Brief descriptive captions
Start of Block
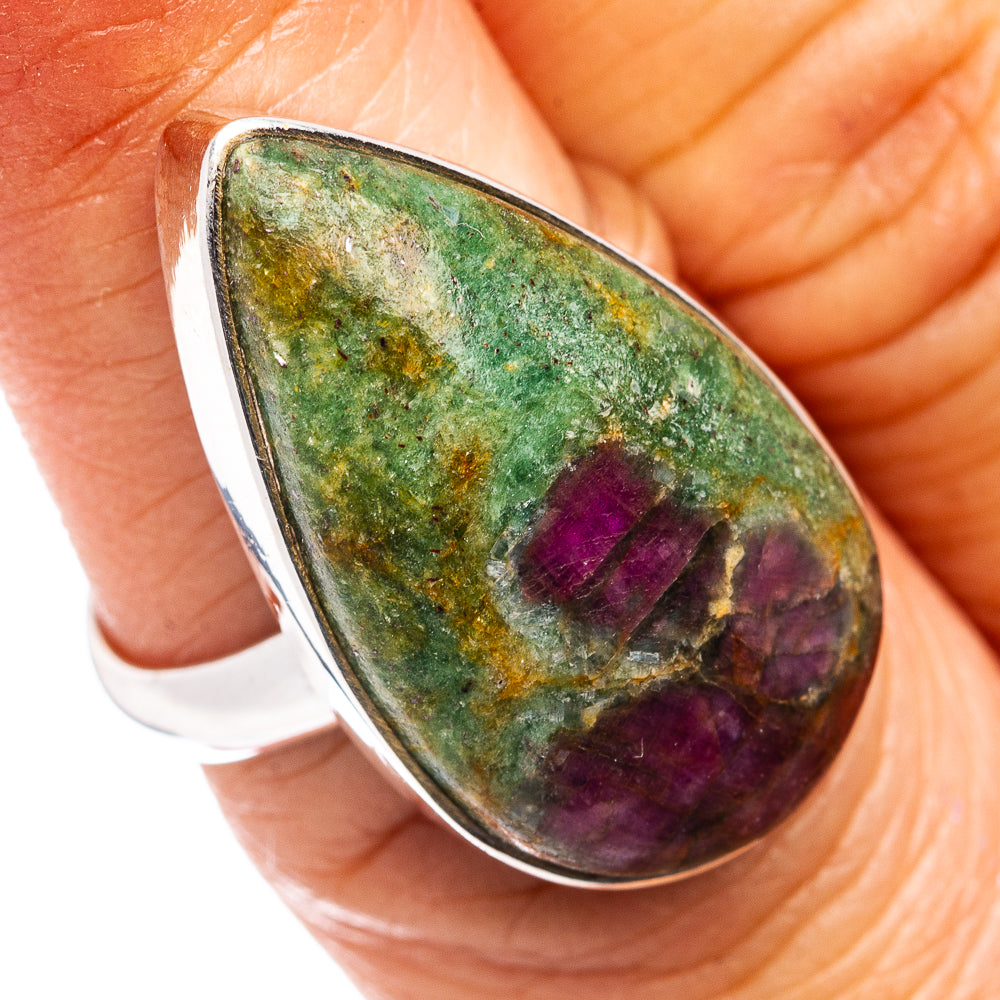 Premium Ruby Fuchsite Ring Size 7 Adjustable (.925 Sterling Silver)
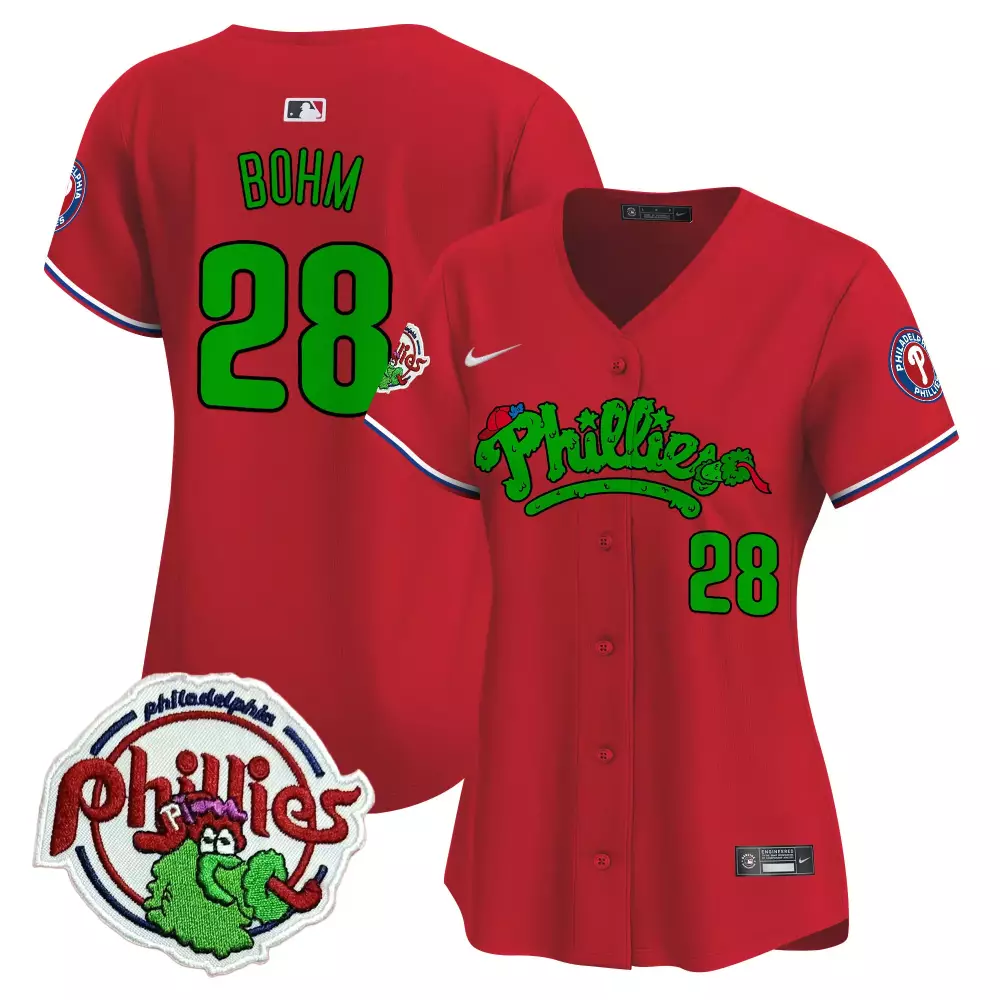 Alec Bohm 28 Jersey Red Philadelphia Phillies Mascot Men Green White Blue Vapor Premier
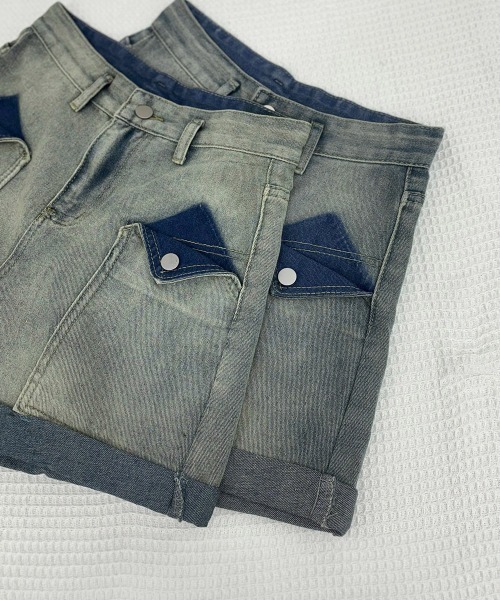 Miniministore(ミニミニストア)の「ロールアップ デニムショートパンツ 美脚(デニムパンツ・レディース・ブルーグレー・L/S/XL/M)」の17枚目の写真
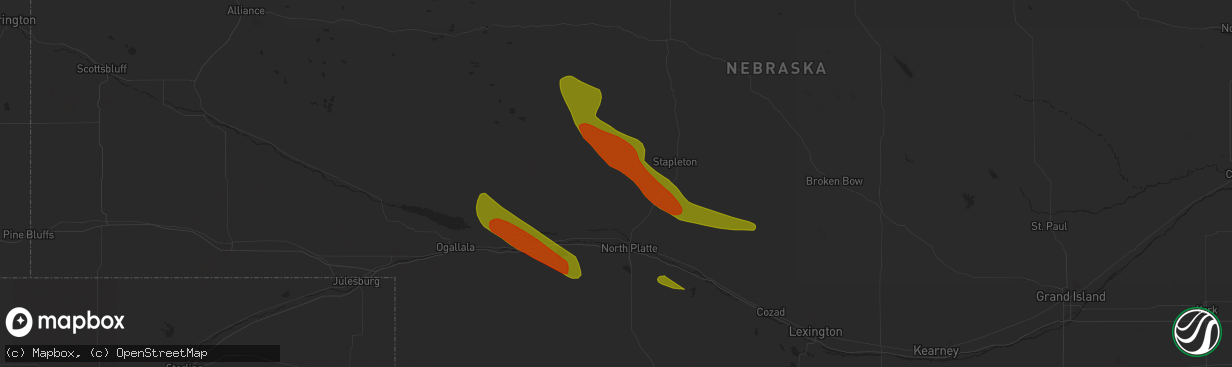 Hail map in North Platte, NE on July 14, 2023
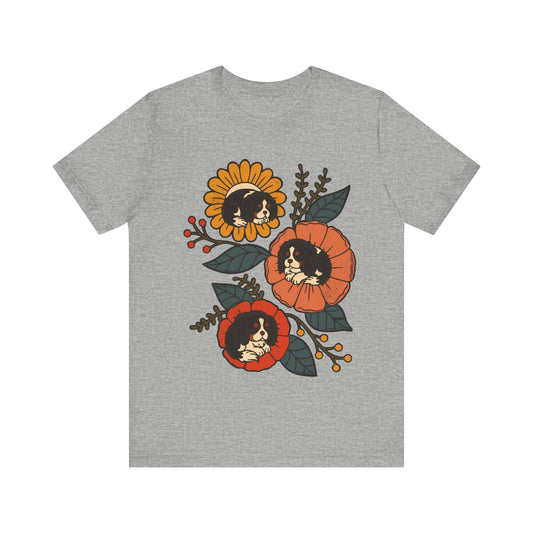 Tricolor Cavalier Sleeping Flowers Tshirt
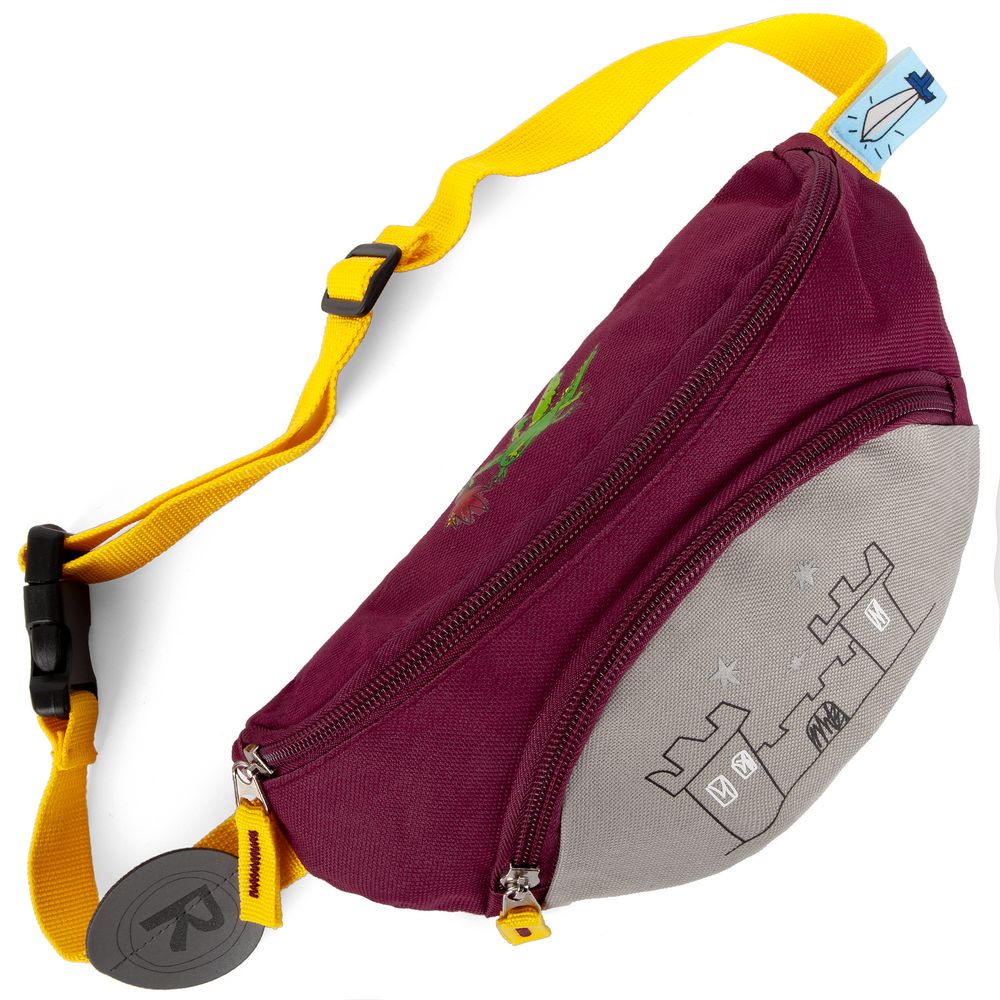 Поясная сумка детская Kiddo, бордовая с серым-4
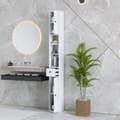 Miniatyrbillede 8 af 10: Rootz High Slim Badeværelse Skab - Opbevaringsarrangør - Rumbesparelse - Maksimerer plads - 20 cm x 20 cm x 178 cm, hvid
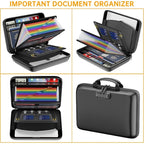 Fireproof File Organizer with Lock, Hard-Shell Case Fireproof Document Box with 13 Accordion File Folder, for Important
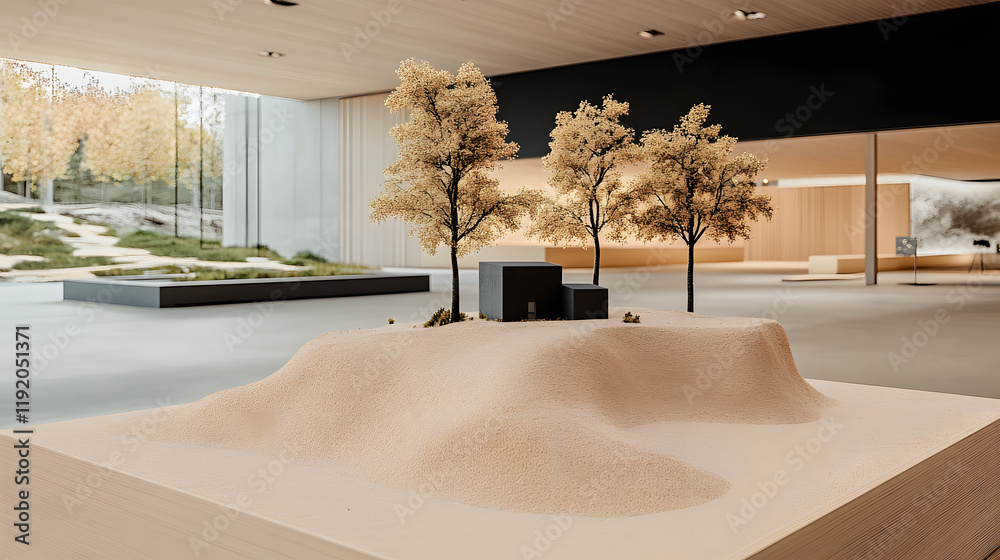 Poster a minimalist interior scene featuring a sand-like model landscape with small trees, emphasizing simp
End of Block
■ **Problem statement**
Keep every word of the data as it is when you write it out, but drop the pictures.

■ **Written reply**
 Premium Ruby Fuchsite Ring Size 7 Adjustable (.925 Sterling Silver)
 Alec Bohm 28 Jersey Red Philadelphia Phillies Mascot Men Green White Blue Vapor Premier
 Miniministore(ミニミニストア)の「ロールアップ デニムショートパンツ 美脚(デニムパンツ・レディース・ブルーグレー・L/S/XL/M)」の17枚目の写真
 Hail map in North Platte, NE on July 14, 2023
 Tricolor Cavalier Sleeping Flowers Tshirt
 Поясная сумка детская Kiddo, бордовая с серым-4
 Miniatyrbillede 8 af 10: Rootz High Slim Badeværelse Skab - Opbevaringsarrangør - Rumbesparelse - Maksimerer plads - 20 cm x 20 cm x 178 cm, hvid
 Fireproof File Organizer with Lock, Hard-Shell Case Fireproof Document Box with 13 Accordion File Folder, for Important
 Poster a minimalist interior scene featuring a sand-like model landscape with small trees, emphasizing simp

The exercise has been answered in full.